The outer and hinder border of the nostril is made by another bone named the maxillary bone, which is usually much shorter than the premaxillary. It contains the hindermost teeth, which rarely differ from those in front, except in sometimes being smaller.
The nasal bones, which always make the upper and hinder border of the nostrils, meet each other above them, in the middle line of the beak.
Showing that the extremity of the jaws in Rhamphorhynchus was sheathed in horn as in the giant Kingfisher, since the jaws similarly gape in front.
The hyoid bones are below the lower jaw in the Pterodactyle.

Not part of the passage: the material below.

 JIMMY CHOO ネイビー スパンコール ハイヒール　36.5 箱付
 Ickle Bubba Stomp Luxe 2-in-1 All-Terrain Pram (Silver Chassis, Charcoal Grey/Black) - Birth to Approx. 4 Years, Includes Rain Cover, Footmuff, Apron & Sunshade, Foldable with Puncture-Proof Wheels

The nostrils are unusually large in the Lias genus named Dimorphodon, and small in species of the genus Rhamphorhynchus from Solenhofen. Such differences result from the relative dimensions and proportions of these three bones which margin the nasal vacuity, and by varying growth of their front margins or of their hinder margins govern the form of the snout.

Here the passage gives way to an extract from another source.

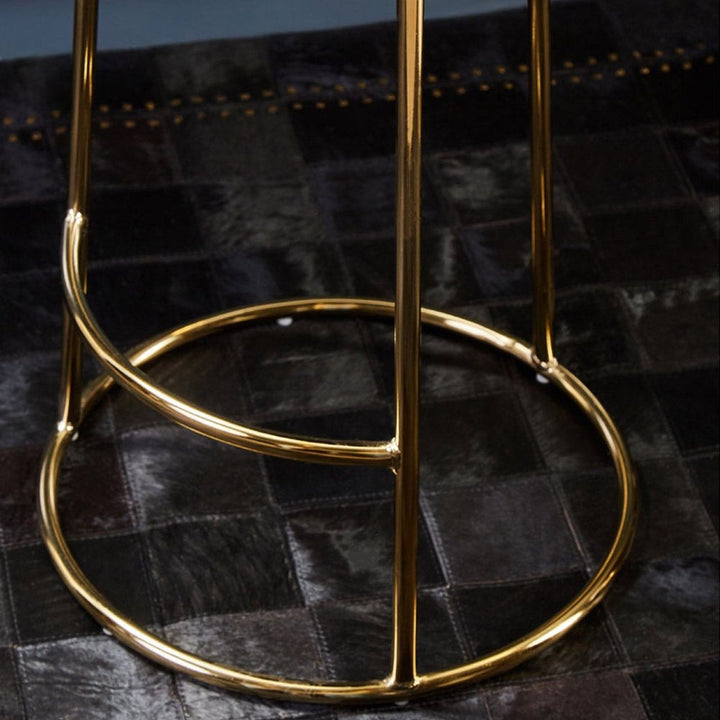 Minerva Velvet Bar Stool - Grey & Gold Premier 4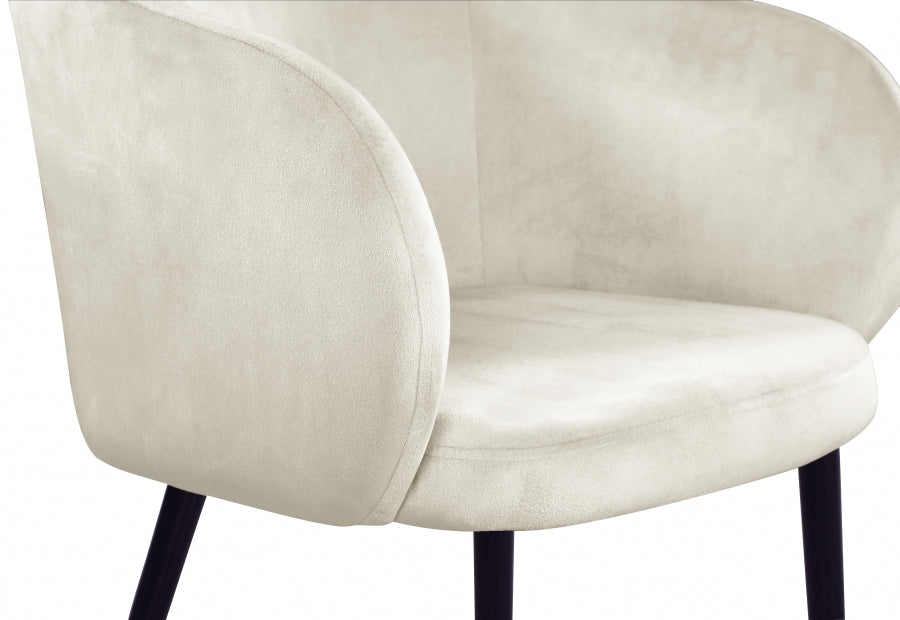 Chaise de salle à manger en velours Louise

The jaws are most massive in the genera known from the Wealden beds to the Chalk. The palatal surface is commonly flat or convex, and often marked by an elevated median ridge which corresponds to a groove in the lower jaw, though the median ridge sometimes divides the palate into two parallel concave channels. The jaw is margined with teeth which are rarely fewer than ten or more than twenty on each side. They are sharp, compressed from side to side, curved inward, and never have a saw-like edge on the back and front margins. No teeth occur upon the bones of the palate.

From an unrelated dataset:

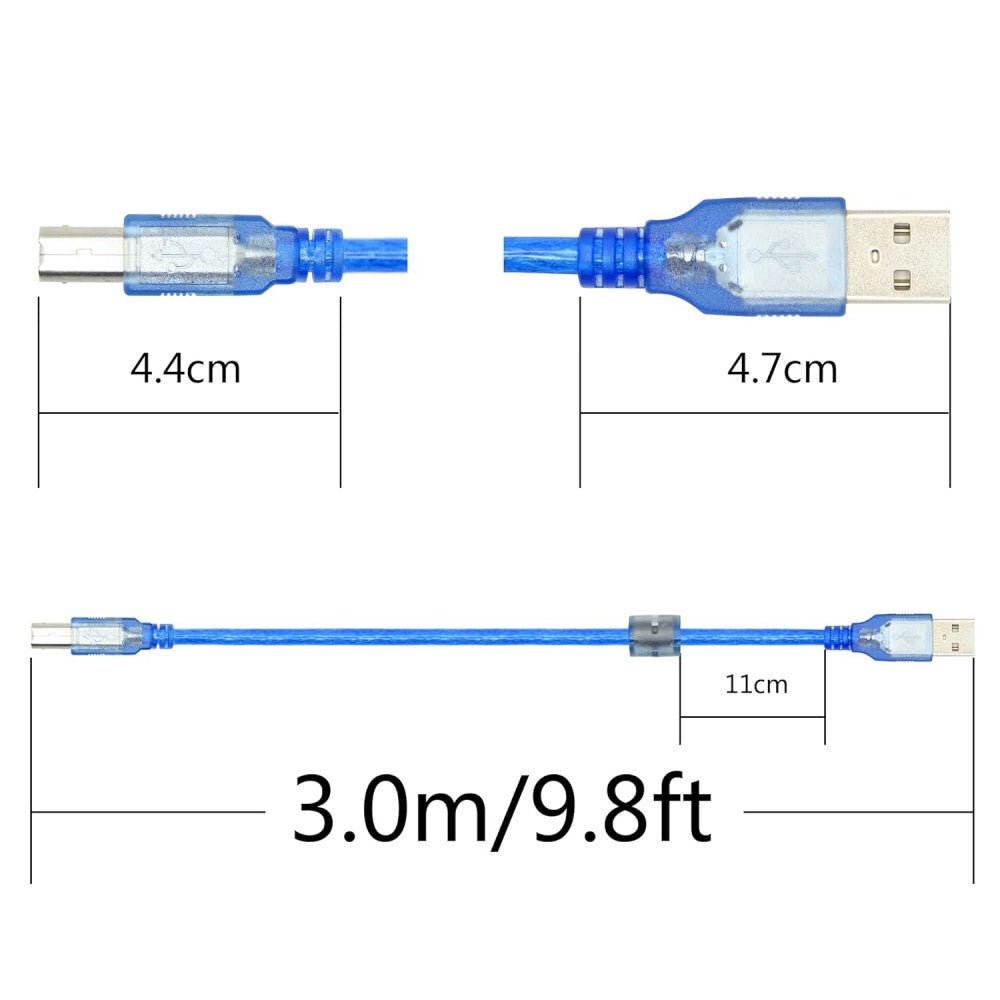 USB - B Nyomtatókábel 3m - USB 2.0, Nyomtató és Szkenner Csatlakozókábel - BShopy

In most birds there is a large vacuity in the side of the head between the nostril and the orbit of the eye, partly separated from it by the bone which carries the duct for tears named the lachrymal bone. The same preorbital vacuity is present in all long-tailed Pterodactyles, though it is either less completely defined or absent in the group with short tails. It affords excellent distinctive characters for defining the genera. In the long-tailed genus Scaphognathus from Solenhofen this preorbital opening is much larger than the nostril, while in Dimorphodon these vacuities are of about equal size. Rhamphorhynchus is distinguished by the small size of the antorbital vacuity, which is placed lower than the nostril on the side of the face. The aperture is always imperfectly defined in Pterodactylus, and is a relatively small vacuity compared with the long nostril. In Ptenodracon the antorbital vacuity appears to have no existence separate from the nostril which adjoins the eye hole. And so far as is known at present there is no lateral opening in advance of the eye in the skull in any Ornithosaur from Cretaceous rocks, though the toothless Ornithostoma is the only genus with the skull complete. When a separate antorbital vacuity exists, it is bordered by the maxillary bone in front, and by the malar bone behind. The prefrontal bone is at its upper angle. That bone is known in a separate state in reptiles and, I think, in monotreme mammals. Its identity is soon lost in the mammal, and its function in the skull is different from the corresponding bone in Pterodactyles.